Committee on Equitable Allocation of Vaccine for the Novel Coronavirus

National Academies of Sciences, Engineering, and Medicine

500 5th St NW

Washington, DC 20001 

Autistic Self Advocacy Network Comments on Discussion Draft of the Preliminary Framework for Equitable Allocation of COVID-19 Vaccine

Members of the Committee on Equitable Allocation of Vaccine for the Novel Coronavirus: 

The Autistic Self Advocacy Network appreciates this opportunity to comment on the proposed framework for equitable allocation of a future SARS CoV-2 (COVID-19) vaccine. We are the nation’s leading self-advocacy organization by and for autistic people ourselves, and are dedicated to ensuring that the voices of autistic people and others with intellectual and developmental disabilities (I/DD) are heard in the policy discussions that impact our lives. 

We appreciate the time and effort that the Committee has devoted to analyzing ethical vaccine allocation during this time of fear and uncertainty. Nonetheless, we are concerned that the resulting allocation scheme remains opaque on certain issues and does not adequately address the full range of people with disabilities who live in congregate settings. This includes people with disabilities, such as intellectual or developmental disabilities, that significantly affect health outcomes related to COVID-19. Moreover, we are concerned that the Committee provided inadequate opportunity for the full public to review and comment on the framework. 

The four-day public comment period allotted for the framework, as well as the 5,000 character limit in the “Your Comments” section of the comment submission form, are inadequate to ensure adequate input from the public, especially stakeholders with disabilities. 

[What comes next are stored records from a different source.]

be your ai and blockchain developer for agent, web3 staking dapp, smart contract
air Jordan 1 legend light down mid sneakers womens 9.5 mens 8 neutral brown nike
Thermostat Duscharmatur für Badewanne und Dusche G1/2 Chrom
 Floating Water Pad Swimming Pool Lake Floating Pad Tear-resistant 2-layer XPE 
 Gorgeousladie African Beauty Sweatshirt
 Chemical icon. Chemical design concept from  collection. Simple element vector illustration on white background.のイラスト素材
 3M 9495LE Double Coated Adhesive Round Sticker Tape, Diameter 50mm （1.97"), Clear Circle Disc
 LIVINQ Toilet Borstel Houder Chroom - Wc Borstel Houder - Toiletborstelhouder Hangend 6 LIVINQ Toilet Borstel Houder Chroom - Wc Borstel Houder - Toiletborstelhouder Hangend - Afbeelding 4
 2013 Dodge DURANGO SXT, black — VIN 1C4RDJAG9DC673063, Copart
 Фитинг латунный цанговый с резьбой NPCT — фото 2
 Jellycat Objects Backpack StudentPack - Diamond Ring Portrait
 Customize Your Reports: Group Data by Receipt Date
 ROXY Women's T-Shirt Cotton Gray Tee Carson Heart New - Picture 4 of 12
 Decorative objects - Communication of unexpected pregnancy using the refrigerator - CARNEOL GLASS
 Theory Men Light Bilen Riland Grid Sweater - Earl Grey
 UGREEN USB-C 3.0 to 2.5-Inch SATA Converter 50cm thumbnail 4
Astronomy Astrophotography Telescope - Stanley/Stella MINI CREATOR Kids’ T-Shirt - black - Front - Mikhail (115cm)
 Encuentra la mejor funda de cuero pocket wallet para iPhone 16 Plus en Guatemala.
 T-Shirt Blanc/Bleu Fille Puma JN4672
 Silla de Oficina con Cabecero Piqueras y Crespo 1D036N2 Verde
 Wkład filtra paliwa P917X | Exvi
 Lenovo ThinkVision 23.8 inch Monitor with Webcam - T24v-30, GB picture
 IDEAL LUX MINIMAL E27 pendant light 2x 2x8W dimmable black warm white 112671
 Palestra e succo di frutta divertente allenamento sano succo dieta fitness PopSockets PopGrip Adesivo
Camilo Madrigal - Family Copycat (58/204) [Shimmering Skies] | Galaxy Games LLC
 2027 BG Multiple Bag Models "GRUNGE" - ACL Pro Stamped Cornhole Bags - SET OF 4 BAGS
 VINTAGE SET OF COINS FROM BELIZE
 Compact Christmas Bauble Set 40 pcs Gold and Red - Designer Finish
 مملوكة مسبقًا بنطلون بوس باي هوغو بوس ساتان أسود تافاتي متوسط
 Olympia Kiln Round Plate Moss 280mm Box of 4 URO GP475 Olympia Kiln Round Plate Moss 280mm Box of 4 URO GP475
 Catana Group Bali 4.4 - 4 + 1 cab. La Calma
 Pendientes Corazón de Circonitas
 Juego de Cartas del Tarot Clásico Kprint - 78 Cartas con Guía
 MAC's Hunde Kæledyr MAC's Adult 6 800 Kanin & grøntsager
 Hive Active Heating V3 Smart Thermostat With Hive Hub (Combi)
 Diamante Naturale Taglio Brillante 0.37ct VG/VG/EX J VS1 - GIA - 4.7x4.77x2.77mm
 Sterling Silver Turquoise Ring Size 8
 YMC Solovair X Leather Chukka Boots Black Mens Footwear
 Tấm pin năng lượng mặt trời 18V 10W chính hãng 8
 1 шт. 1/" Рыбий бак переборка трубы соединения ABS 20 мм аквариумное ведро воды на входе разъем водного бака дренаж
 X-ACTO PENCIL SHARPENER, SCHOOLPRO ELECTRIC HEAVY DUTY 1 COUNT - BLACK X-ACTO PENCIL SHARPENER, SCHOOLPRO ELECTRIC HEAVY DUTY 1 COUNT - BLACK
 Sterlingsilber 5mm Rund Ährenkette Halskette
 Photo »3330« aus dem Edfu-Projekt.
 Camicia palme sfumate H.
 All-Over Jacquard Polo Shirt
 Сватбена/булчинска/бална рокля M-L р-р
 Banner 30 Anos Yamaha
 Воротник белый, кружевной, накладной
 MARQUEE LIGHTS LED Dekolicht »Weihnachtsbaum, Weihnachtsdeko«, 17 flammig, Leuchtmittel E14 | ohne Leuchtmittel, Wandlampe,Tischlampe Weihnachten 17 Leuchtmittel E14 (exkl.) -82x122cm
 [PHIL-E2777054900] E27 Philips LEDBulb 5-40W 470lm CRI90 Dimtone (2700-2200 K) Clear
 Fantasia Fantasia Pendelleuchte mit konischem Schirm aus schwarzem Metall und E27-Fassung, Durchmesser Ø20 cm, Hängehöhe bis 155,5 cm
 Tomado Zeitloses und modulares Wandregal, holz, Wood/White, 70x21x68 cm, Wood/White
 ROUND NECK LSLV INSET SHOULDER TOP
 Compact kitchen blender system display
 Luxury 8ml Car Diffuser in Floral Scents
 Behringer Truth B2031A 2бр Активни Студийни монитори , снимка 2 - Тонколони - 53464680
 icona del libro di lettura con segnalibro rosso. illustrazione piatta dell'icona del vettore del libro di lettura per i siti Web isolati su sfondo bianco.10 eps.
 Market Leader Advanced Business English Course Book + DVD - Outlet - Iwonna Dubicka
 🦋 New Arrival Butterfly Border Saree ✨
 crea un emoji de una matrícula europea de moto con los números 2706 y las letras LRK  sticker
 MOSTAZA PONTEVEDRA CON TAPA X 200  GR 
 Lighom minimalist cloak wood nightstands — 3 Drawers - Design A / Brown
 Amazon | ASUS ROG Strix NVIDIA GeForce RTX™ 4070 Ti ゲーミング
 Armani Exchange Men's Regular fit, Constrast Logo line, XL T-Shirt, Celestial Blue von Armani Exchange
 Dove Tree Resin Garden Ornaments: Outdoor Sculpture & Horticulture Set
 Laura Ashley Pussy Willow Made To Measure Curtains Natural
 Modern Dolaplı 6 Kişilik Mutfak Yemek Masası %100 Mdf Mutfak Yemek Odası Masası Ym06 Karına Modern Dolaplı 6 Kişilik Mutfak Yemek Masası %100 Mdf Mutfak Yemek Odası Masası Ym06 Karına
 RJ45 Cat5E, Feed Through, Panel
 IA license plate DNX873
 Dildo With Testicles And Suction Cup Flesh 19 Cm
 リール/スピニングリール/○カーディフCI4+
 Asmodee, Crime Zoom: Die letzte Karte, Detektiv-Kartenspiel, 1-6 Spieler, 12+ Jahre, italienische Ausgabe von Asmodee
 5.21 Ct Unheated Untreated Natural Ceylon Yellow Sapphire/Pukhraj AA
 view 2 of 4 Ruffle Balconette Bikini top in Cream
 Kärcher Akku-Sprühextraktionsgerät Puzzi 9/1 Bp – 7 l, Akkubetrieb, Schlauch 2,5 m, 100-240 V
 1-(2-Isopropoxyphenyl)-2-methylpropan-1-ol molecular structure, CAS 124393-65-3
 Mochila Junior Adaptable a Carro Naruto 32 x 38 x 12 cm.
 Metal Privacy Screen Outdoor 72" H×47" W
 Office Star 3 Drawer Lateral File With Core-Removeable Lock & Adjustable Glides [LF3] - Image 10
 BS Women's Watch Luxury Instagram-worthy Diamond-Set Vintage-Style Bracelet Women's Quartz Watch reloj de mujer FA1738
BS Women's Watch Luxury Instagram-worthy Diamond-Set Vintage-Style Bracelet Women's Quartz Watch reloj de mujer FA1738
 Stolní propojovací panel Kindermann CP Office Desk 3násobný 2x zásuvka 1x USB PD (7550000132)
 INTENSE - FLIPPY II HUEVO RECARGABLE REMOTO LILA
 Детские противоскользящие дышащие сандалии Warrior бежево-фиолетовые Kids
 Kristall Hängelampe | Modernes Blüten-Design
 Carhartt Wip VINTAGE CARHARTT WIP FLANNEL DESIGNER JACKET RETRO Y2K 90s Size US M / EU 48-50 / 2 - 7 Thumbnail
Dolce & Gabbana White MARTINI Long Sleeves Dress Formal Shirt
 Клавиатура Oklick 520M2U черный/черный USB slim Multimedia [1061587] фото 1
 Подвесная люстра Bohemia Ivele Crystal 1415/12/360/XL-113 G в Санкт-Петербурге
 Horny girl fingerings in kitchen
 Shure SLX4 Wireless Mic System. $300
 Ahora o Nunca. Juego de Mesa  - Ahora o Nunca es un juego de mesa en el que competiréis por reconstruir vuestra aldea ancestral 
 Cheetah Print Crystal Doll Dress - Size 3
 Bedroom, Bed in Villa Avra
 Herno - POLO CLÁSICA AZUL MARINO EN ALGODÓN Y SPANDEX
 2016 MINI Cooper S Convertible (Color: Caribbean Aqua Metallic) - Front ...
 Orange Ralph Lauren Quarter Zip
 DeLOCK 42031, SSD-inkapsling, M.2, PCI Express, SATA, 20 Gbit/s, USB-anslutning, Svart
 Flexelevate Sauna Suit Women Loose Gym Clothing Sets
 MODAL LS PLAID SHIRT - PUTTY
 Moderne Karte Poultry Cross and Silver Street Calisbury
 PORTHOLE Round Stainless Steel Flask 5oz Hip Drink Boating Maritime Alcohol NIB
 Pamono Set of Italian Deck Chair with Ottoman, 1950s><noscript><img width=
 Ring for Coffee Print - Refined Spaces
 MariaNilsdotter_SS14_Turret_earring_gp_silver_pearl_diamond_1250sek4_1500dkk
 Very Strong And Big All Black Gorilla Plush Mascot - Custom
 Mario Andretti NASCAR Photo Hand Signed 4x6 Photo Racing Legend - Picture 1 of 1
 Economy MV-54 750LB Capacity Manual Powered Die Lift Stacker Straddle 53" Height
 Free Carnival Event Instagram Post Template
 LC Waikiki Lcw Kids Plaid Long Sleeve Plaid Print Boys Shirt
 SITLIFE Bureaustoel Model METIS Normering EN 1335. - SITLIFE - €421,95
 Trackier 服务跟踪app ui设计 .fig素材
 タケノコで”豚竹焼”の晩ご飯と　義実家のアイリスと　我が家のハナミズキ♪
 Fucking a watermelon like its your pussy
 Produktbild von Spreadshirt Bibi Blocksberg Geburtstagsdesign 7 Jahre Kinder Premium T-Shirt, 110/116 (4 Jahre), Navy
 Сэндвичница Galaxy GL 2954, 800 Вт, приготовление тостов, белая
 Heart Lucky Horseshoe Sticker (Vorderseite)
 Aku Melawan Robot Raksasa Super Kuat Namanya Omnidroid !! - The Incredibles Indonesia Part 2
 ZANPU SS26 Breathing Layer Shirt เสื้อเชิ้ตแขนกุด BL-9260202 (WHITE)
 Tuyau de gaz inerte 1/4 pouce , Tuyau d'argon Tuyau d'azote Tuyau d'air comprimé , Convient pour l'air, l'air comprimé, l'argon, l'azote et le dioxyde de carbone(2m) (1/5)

The Committee’s lengthy 114-page discussion draft for the framework contains approximately 90 pages of substantive material (non-biographical and non-reference), which discusses the Committee’s rationale for each component of the framework in great detail. Very few individuals – outside of policy analysts and specialists –  would be able to read and comprehend this material and produce relevant comments within the allotted four days. The Committee states repeatedly throughout the discussion draft that input from impacted stakeholders is critical to ensuring that the framework is fair, equitable, and transparent, but the greatly abbreviated comment period makes it nearly impossible to get that input directly from impacted stakeholders. We therefore strongly recommend that the Committee extend their public comment period to 60 days.

Additional aspects of the discussion draft further reduce the number of clear and comprehensive comments that the Committee is likely to receive. The “Your Comments” section of the public comment submission form limits responses to a meager 5,000 characters. Character limits greatly limit the degree of detail that may be included in comments and reduce the quality of stakeholder discussions of the framework. While there is an “Upload supporting file” section on the same form, many readers – particularly readers with cognitive disabilities – may assume that only “supporting files” such as journal articles could be uploaded there, rather than full comments. The form is therefore inaccessible to many commenters with disabilities. 

The discussion draft itself is also written using highly complex language that could not be understood by the majority of stakeholders, despite the Committee’s stated commitment to a “clear articulation and explanation of the allocation criteria.” We recommend that the Committee create a plain language summary of the report’s contents at minimum according to at least the plain language standards present in the Plain Writing Act of 2010, and if possible a summary at a 3rd-5th grade reading level. The final report should also be screen reader accessible and available in a wide variety of other alternative formats for people with disabilities, such as Braille or in a recorded video format. Additionally, the report should be made available in at least several major non-English languages spoken in the United States. 

ASAN recommends that the Committee revise its allocation system to account for the high risk of morbidity and mortality faced by all people with disabilities in congregate settings. 

Although the Committee’s stated primary goal is to “maximize societal benefit by reducing morbidity and mortality caused by transmission of the novel coronavirus,” the current allocation schema fails to adequately address risks to individuals who live in congregate settings. This may include people with disabilities living in nursing homes, assisted living facilities, group homes, psychiatric institutions, residential treatment centers, disability-specific intentional communities, and other such settings across the country. 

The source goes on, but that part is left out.